Some of them are nothing more than criminals. Some of them are terrorists. Some of them are people who are resentful of American presence and are going to take shots at us, and there are others who realize that American presence is going to work and it will work against their interests over time and they're going to take shots at us.

But what they will discover is what others have discovered over the years -- America has much more staying power and understands that occasionally this kind of effort requires sacrifice, requires the loss of life on the part of our young soldiers. And that's why they are called soldiers.

QUESTION: Mr. Secretary --

SECRETARY POWELL: Every life, regretted; every life lost, regretted.

QUESTION: Before we move to Korea, could you address briefly the issues of the intelligence community (inaudible) that we hear reports about.

I have been talking to people last week.

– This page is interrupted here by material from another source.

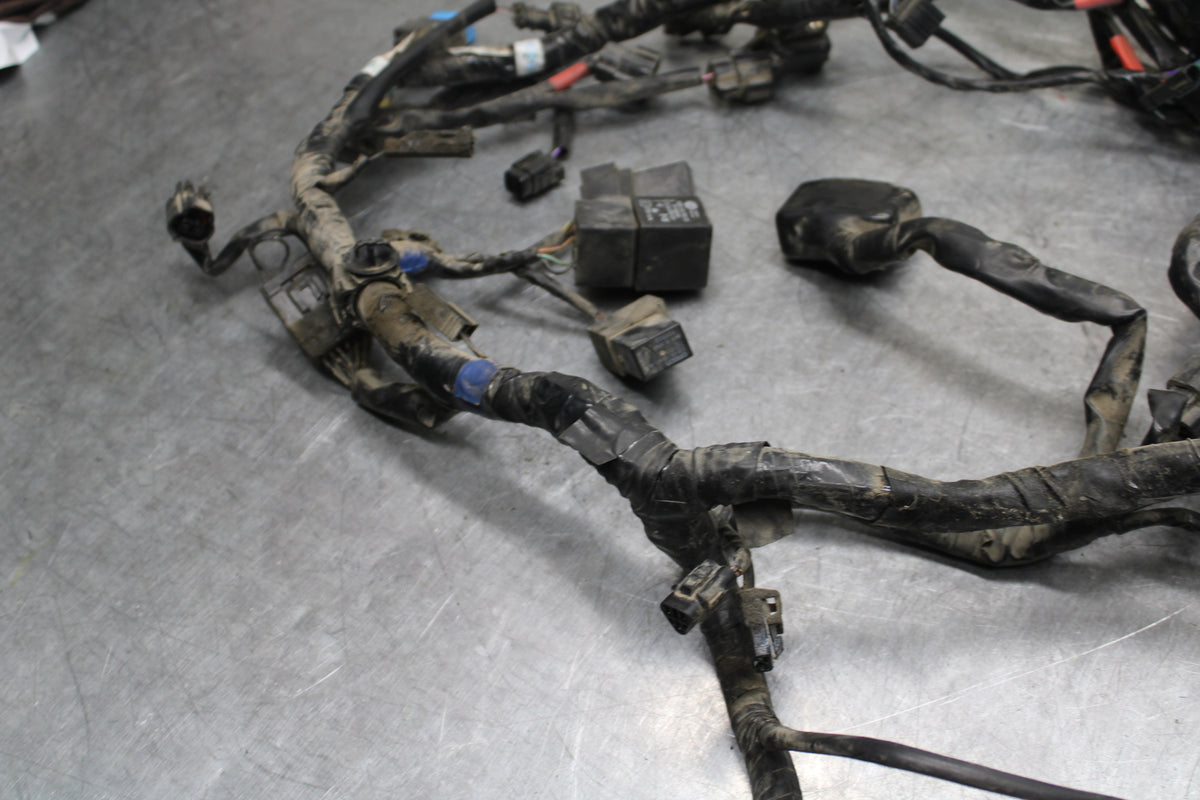 14-16 TRIUMPH AMERICA LT MAIN ENGINE WIRING HARNESS MOTOR WIRE LOOM BB720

There are people who tell me in this building that some of the high officials at the Department don't trust the INR Bureau. There are people who say in the entire community -- on the other side of the issue, there are many people hired by the previous administration who are trying now to politicize their analysis, something which should be very clear-cut, now they are trying to sneak in political advice or their own opinion.

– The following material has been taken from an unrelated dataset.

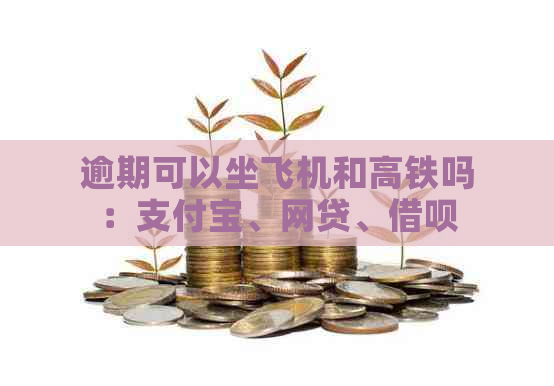 逾期可以坐飞机和高铁吗：支付宝、网贷、借呗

So it seems to me there are two groups of people at least, the one group who is doing this with political views and opinions, another group that supposedly sexed up or hyped up intelligence of their own analysis after a call from the Vice President or the Vice President walked to analyst s desk of the CIA, and then I hear these things very often these days.

In terms of your own bureau here, how much do you trust these people? Are they over stretched? Do you have enough people to work on these issues? And how do you see their relationship with the rest of the IC?

SECRETARY POWELL: I trust my intelligence bureau, INR. I think as this story spills out, they look pretty good in terms of what they told me. I spoke to all of them yesterday in an awards ceremony, and I spoke to them at a swearing in the other day when one of their Deputy Assistant Secretaries was appointed to be an ambassador.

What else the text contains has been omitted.